One also has to remember that back then, Wolverhampton was an incredibly smoky and industrial town. Tettenhall and Penn were separate, rural villages and there were no sprawling housing estates to the north. Back in 1840, when the region was first called the 'Black Country', and contrary to popular opinion, it was actually the thin seam mining district and not the thick seam district that most damaged the environment, as the 'Morning Chronicle' reporter highlighted in 1850: -"The appearance of the land around Wolverhampton, Willenhall, Bilston, where the thin seams principally lie, is strange in the extreme. For miles and miles, the eye ranges over wide-spreading masses of black rubbish, and hills on hills of shale, and masking, as it were, the whole face of nature". Then in 1860, author Walter White viewed the area from Dudley Castle, remarking: - "Smoke prevails, rolling and drifting, blackest over the clusters of furnaces. Only on the west and south-west was there cleanliness. There lies Netherton, a place of heavy work. Wolverhampton is visible to the north-east and thereabouts the smoke is densest. If you look at Wolverhampton, you see a great deal of dusky roofs, of sluggish smoke, and tall chimneys, so numerous that to call them a forest is hardly a figure of speech." Charles Darwin even compared the black lava beach of a Pacific island to the 'iron furnaces of Wolverhampton' (not 'iron furnaces near Wolverhampton' as has been corrupted subsequently).


So back then, it was the area running between Wolverhampton and West Bromwich that was considered as the 'original Black Country', as the area around Brierley Hill and Netherton lay on the rolling Rowley Hills, which though still heavily-industrial, was noted to be not so adversely affected by the lingering industrial smog as in the shallow, low-lying bowl in the South Staffordshire section running between Wolverhampton and West Bromwich.

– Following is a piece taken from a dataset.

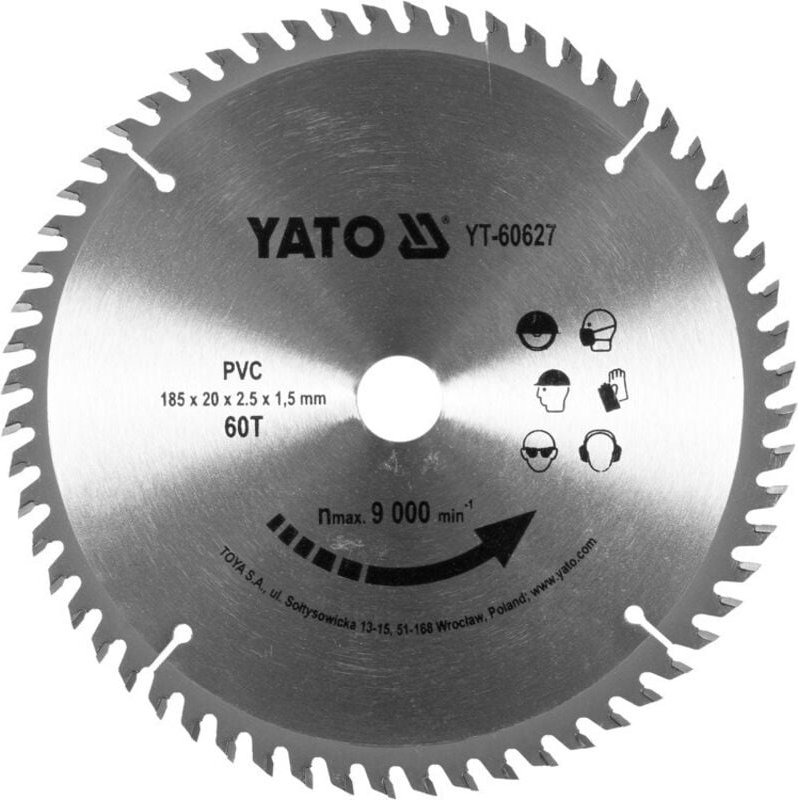 PVC-Trennscheibe 185/60T 20MM YT-60627 Yato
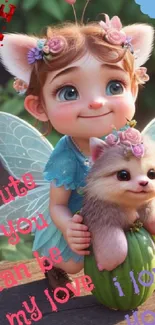 Adorable fairy child with fluffy friend in garden.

In summary, I can accept that public opinion today places Dudley as the ‘Modern Capital’, but it is totally wrong to consider it as the ‘traditional Capital’. I am sorry, but that is a total misrepresentation of Black Country history yet it is still readily accepted, and it is as fabricated a notion as the 1960s theory that the Black Country was traditionally solely

defined by the thick coal seam. That was clearly not the case back in the defining-1800s.


I must challenge such views when I see them because they are evidently and factually incorrect, I would go as far as saying that they are views created non-contemporaneously, sometimes to suit an agenda. The truth is everything, however unpopular it is. Only in recent years have we been able to readily access 1800s newspapers and books for example, creating a new window of discovery for researchers, into popular views of past-times, which tell a different version or school of thought regards the origins of Black Country, than is widely-believed and eagerly accepted today.


Dudley was clearly 'not' widely-considered the traditional ‘Capital of the Black Country', and the environmentally-damaged thin seam district with its adjacent rich iron-ore seams and numerous iron works around Wolverhampton, Willenhall, Bilston was considered as the classic original Black Country environment because of its uniquely damaged landscape and excessively-smoky atmosphere. I appreciate everything is centred around Dudley today, but it concerns me greatly that Black Country history is in effect being re-written and misrepresented simply because it reflects popular, relatively-modern 1960s-onwards opinion.